> What the task asks: What is needed here is an exact printout of the data, with no pictures included.

> Supplied information:
====

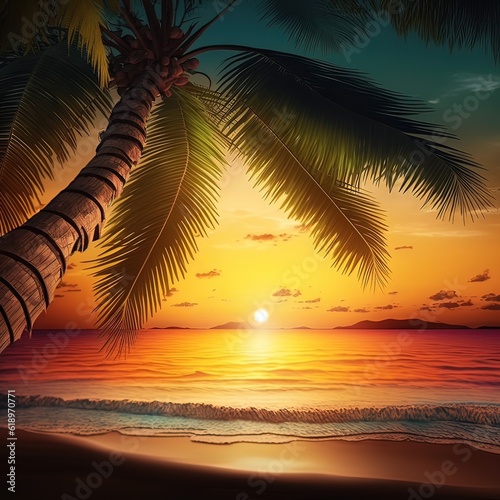 Sunset time on tropical beach and evening background. Generative ai. © MdTaher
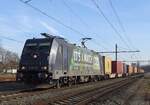 It's a match! On 15 February 2023 between your photographer and Medway 186 227 with container train passing by.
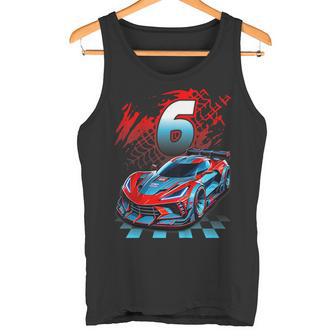 Niños Coche De Carreras De 6 Años Para Fiesta De Cumpleaños 6 Camiseta sin mangas - Regaloses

====

> Task output:
 Sunset time on tropical beach and evening background. Generative ai. © MdTaher
 It's a match! On 15 February 2023 between your photographer and Medway 186 227 with container train passing by.
 Niños Coche De Carreras De 6 Años Para Fiesta De Cumpleaños 6 Camiseta sin mangas - Regaloses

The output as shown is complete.